Evidence based practice Flashcards
What are the 4 stages of answering an MI enquiry?
- Understand the question
- Carry out your research
- Prepare your answer
- Feedback your answer
What are the 5 reasons why documentation is important in MI?
- So others can see what advice you’ve given
- In case you’re asked the same question again
- So you can demonstrate that the advice you gave was correct and up-to-date at the time
- To record your workload
- To avoid forgetting important details or duplicating searches
What are the 3 components of EBP?
- Individual clinical expertise
- Best external evidence
- Patient’s values & expectations
What are the 4 As for deciding on a medicine?
- Ask good questions
- Acquire evidence which answers this question
- Appraise the quality of this evidence
- Apply the best evidence to your patient
What does PICO stand for?
For converting a problem into a question
P- Patient and problem
I - Intervention
C - Comparison
O - Outcome
What is incidence rate?
Number of new cases of disease / Mid-year population
What is point prevalence?
The proportion of people who have a disease at a specific point in time
What is period prevalence?
The number of people who have the disease in a time period divided by the population at the mid-point of the period
What is risk ratio?
incidence (exposed) / incidence (unexposed)
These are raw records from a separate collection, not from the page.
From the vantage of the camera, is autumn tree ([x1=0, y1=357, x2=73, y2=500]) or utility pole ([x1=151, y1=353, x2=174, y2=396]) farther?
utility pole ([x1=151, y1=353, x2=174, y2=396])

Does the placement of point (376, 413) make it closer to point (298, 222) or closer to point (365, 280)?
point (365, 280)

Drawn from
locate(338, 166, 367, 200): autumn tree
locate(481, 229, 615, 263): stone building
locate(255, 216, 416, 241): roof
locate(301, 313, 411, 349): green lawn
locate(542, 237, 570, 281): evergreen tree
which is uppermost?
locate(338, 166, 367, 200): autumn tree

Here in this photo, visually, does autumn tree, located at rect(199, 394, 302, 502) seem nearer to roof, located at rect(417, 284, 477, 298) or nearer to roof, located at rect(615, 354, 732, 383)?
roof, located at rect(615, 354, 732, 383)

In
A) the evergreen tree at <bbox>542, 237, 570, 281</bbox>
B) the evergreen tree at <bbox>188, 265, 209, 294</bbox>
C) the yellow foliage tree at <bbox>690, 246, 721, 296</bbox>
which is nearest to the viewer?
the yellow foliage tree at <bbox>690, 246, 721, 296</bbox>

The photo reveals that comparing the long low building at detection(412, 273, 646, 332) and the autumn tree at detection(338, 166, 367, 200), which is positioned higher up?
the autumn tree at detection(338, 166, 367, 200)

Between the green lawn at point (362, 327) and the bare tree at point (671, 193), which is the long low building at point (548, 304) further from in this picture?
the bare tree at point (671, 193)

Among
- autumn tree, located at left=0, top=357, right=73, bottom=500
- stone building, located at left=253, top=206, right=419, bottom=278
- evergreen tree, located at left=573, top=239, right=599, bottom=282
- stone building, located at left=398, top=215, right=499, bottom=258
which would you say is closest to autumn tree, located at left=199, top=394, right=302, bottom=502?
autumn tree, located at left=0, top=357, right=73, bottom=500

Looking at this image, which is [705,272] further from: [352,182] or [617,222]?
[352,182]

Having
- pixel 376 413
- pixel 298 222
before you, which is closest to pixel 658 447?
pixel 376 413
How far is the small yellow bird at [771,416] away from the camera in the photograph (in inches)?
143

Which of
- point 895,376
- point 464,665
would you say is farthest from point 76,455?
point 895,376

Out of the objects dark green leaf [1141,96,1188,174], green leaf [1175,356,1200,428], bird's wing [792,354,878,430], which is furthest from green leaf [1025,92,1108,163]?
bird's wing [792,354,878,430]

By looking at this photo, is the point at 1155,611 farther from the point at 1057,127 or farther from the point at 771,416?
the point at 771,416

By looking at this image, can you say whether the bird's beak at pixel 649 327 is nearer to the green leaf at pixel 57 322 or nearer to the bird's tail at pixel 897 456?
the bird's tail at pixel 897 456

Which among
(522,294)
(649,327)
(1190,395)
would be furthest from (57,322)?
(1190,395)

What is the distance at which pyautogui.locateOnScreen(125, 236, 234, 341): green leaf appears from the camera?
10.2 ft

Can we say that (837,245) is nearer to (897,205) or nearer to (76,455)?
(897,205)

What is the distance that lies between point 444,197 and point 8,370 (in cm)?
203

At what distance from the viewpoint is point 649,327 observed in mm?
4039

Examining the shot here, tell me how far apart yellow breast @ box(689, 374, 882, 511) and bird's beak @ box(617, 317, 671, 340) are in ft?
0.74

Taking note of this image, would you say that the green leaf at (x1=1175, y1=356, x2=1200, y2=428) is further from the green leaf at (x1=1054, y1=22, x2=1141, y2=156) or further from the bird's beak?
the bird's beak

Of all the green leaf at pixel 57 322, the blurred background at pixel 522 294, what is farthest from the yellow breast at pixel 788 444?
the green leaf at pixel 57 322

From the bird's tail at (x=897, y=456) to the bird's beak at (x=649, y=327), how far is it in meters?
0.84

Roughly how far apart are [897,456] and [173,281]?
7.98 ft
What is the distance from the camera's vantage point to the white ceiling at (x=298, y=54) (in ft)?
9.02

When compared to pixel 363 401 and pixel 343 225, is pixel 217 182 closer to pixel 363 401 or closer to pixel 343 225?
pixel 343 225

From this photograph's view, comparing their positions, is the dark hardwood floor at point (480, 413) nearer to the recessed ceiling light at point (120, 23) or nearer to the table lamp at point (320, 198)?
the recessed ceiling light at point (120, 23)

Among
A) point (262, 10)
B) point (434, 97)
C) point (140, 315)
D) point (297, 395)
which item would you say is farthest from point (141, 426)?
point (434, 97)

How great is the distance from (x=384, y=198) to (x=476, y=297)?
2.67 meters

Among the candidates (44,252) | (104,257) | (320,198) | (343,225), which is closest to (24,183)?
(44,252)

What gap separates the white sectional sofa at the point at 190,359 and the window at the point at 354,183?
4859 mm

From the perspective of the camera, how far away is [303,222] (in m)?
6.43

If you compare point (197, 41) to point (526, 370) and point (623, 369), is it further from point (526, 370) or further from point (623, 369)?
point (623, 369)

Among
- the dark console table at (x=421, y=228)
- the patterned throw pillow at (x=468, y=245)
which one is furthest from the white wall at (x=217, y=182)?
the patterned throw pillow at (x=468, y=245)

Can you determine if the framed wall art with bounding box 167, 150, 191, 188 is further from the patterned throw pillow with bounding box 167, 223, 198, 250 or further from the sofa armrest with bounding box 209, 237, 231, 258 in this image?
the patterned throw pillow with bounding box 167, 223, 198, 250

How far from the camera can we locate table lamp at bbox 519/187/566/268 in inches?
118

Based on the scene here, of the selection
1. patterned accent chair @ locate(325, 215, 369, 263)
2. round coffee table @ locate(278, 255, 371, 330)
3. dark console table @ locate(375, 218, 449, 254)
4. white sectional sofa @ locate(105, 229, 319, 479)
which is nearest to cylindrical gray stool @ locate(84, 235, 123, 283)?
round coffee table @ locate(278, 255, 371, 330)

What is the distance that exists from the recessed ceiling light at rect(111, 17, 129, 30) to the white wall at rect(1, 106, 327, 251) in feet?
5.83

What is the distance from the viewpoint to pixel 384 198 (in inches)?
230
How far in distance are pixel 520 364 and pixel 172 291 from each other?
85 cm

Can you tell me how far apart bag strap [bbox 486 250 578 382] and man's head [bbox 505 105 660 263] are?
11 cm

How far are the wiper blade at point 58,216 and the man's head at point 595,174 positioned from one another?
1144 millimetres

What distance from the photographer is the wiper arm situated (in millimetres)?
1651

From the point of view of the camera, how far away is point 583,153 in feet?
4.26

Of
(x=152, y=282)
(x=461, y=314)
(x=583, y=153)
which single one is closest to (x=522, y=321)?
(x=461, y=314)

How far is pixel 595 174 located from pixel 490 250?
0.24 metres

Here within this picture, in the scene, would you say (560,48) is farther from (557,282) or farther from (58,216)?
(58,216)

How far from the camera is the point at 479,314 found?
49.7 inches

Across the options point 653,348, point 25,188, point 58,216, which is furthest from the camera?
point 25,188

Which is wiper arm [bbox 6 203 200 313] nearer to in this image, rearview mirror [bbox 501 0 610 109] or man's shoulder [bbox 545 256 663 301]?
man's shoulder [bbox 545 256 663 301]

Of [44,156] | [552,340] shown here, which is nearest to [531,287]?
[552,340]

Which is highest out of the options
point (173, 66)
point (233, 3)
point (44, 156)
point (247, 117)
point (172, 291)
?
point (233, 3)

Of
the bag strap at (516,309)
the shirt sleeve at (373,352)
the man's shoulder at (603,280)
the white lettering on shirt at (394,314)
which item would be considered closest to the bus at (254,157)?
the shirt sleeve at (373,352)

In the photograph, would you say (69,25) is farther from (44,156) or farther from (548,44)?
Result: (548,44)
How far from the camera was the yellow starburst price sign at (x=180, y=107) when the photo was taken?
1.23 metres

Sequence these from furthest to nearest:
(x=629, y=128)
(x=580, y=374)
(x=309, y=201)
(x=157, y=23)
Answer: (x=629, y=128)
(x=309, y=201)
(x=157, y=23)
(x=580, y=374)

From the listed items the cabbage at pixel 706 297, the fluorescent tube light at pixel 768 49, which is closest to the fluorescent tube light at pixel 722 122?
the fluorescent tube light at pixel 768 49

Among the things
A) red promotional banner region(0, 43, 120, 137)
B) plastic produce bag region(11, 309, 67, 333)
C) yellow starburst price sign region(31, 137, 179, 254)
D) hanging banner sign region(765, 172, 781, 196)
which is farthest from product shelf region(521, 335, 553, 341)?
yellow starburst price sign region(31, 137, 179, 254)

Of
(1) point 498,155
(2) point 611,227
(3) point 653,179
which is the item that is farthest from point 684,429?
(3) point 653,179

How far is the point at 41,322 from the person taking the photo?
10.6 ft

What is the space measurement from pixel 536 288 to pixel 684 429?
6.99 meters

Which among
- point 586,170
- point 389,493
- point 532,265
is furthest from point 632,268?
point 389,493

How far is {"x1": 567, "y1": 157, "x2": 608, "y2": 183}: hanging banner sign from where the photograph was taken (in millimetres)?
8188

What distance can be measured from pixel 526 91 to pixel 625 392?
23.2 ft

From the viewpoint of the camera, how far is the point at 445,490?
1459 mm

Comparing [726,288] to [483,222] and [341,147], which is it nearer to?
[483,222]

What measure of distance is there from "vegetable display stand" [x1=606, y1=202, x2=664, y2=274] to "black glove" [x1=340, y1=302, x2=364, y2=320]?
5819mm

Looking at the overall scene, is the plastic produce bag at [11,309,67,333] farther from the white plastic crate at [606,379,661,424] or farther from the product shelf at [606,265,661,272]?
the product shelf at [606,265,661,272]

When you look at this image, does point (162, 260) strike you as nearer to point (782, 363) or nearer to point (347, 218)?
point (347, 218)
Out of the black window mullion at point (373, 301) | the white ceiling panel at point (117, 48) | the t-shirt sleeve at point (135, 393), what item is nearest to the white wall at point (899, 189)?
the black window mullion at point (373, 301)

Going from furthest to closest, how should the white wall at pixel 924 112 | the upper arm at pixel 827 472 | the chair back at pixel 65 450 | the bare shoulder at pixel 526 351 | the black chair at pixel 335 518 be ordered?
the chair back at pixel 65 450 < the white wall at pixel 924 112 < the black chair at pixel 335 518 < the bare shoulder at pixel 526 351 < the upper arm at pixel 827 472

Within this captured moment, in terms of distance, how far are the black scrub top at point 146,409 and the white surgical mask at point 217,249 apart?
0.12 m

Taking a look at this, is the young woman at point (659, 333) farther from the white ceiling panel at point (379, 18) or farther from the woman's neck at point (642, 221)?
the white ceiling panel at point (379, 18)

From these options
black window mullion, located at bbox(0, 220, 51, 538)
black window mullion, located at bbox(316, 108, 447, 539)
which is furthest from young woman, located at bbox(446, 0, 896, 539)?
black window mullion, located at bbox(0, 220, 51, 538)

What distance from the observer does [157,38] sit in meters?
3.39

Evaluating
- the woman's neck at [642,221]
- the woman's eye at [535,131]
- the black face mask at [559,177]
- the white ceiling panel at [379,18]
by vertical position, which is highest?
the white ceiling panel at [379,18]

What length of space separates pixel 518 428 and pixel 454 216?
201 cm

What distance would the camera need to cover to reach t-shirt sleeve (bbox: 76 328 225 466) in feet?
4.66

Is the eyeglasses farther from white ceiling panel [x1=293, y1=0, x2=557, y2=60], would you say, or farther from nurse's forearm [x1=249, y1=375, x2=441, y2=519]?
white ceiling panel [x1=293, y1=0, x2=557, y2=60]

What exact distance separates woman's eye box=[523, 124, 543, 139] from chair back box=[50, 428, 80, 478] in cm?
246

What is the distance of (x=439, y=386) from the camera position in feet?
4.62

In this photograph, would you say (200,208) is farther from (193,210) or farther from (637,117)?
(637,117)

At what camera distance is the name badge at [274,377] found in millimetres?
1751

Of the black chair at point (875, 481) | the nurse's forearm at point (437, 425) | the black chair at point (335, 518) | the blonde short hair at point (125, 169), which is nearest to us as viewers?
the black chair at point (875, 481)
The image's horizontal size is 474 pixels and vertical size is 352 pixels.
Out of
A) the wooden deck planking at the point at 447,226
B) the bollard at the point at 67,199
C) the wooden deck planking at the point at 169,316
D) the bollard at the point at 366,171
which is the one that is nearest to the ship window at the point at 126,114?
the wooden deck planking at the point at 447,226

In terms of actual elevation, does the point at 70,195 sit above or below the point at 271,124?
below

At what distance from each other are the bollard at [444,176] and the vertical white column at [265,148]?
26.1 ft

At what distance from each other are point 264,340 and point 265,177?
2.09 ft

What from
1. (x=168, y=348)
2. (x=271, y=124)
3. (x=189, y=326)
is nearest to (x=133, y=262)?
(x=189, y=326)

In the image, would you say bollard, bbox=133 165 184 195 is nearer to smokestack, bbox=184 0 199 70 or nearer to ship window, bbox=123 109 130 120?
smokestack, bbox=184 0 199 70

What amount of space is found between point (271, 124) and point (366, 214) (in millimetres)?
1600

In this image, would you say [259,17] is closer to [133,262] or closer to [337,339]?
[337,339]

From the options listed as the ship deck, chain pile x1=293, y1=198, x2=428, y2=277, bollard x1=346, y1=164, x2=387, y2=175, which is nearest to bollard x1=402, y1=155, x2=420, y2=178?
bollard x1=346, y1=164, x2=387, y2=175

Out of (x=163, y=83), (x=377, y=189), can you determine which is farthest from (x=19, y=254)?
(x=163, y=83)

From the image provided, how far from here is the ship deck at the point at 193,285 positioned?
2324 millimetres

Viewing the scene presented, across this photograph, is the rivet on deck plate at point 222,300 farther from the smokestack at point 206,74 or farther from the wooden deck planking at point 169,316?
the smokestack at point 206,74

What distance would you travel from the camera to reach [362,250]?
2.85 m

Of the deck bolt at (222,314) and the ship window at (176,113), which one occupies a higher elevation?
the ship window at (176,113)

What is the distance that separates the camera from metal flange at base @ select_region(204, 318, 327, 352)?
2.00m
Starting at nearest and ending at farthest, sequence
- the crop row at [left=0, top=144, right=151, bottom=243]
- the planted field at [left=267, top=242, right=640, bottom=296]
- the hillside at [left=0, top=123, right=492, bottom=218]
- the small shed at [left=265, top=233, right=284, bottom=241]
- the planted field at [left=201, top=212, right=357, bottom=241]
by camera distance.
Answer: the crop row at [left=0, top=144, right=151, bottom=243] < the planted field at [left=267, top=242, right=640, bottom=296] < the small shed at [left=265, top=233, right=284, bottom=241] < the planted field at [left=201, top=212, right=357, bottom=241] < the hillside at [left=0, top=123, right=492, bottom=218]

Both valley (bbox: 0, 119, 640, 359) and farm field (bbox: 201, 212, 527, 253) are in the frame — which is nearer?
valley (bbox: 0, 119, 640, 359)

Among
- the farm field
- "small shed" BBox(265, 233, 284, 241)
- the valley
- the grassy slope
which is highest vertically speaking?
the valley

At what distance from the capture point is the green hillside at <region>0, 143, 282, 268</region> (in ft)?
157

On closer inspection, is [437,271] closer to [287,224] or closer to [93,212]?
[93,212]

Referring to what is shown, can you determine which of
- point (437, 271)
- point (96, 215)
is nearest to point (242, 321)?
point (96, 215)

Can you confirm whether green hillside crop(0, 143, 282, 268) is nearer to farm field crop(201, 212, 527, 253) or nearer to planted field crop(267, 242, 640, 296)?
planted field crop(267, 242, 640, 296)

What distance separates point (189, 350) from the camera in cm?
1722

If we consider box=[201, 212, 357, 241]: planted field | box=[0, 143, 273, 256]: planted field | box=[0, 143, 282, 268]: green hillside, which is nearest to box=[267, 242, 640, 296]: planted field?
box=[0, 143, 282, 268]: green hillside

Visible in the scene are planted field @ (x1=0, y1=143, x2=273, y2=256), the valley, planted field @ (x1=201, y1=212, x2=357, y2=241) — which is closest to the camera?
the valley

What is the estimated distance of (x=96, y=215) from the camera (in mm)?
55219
What is absolute risk difference?
incidence (exposed) - incidence (unexposed)
What is the number needed to treat?
1/Absolute risk difference
(always round up)
What does the value of NNT mean?
The Number Needed to Treat (NNT) is the number of patients you need to treat to prevent one additional bad outcome. If NNT = 5, you have to treat 5 people with the drug to prevent one additional bad outcome.
What are phase 1 clinical trials?
- 1st application of new treatment in humans
- In severe diseases, the aim is to find the maximum tolerated dose
- Usually single dose or only a few weeks of treatment
Why do we have phase 1 clinical trials?
To generate preliminary PK/PD data
Who takes part in phase 1 clinical trials?
- Usually have 20-50 participants
- Conducted in healthy subjects when expected toxicity is minor and extremely ill patients if therapy is toxic
What are phase 2 clinical trials?
- First time patients are exposed to therapeutic dose drug
- Small study of efficacy
- Sample size <100 people
Why do we have phase 2 clinical trials?
- Outcome is a measure of trt efficacy
- Short to moderate follow-up times (few weeks to 1 year)
- Aim to find out more about PK/PD and common adverse reactions
- Determine daily dosage and trt regimen to be tested more rigorously in phase III
- Provides experience with trt and administration
What are phase 3 clinical trials?
- Aim to give a definitive assessment of intervention against a control
- Aim to evaluate an intervention’s toxicity and efficacy
- Classified according to how the control is selected
- Between 500 and 3000 patients exposed
- Interventions can include new drugs, devices, trt methods e.g. surgical techniques
What are the 3 types of blinding?
Single blind
- Sometimes necessary
- Patient or assessing physician does not know which treatment is being taken
Double blind
- Ideal
- Protects against information bias
- Neither patient or physician/researcher knows the treatment being taken
Triple blind
- analyst is also blind to prevent their biases entering the mix
What is randomisation?
Viewed as gold standard because possible error is just chance
Benefits
- Comparable groups with respect to measured and unmeasured risk factors
- Eliminates confounding: trt is independent of outcome – any association is either causal or the result of chance
Equipoise (neither better than the other)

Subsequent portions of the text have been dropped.